*Source data:*
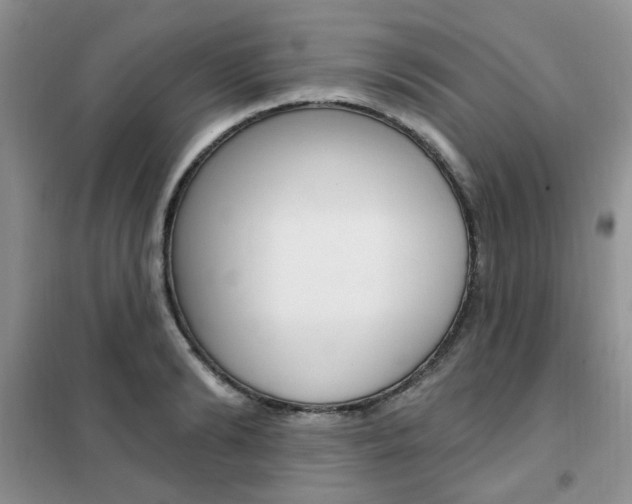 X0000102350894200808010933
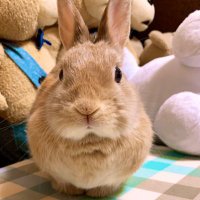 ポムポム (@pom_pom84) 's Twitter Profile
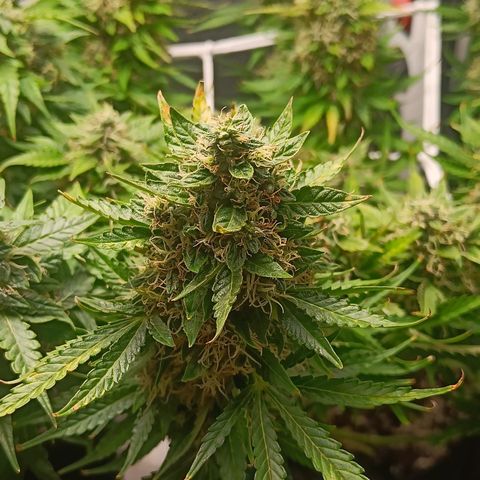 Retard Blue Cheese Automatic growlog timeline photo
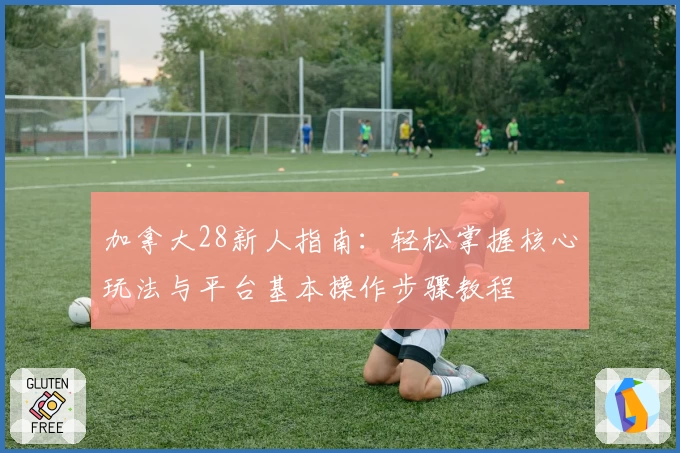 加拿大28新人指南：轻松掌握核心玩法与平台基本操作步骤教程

---

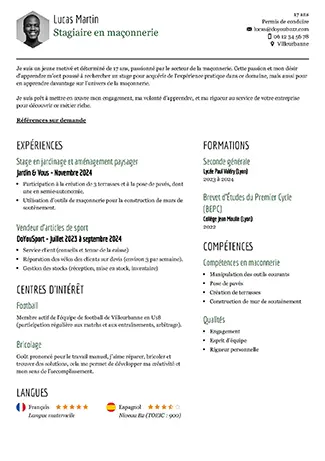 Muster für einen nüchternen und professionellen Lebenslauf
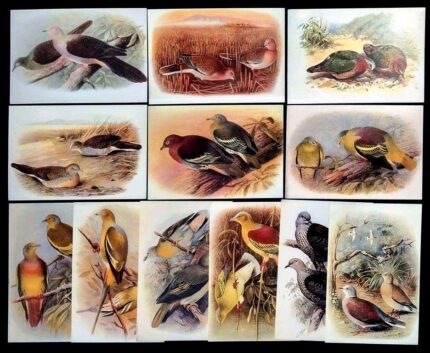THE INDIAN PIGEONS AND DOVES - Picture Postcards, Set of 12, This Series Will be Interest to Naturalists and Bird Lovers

*What you will do:*
The result should be an exact copy of only the lines above from the one that holds "X0000102350894200808010933" through the one that holds "加拿大28新人指南：轻松掌握核心玩法与平台基本操作步骤教程", both ends included, without pictures.

*Task result:*
 X0000102350894200808010933
 ポムポム (@pom_pom84) 's Twitter Profile
 Retard Blue Cheese Automatic growlog timeline photo
 加拿大28新人指南：轻松掌握核心玩法与平台基本操作步骤教程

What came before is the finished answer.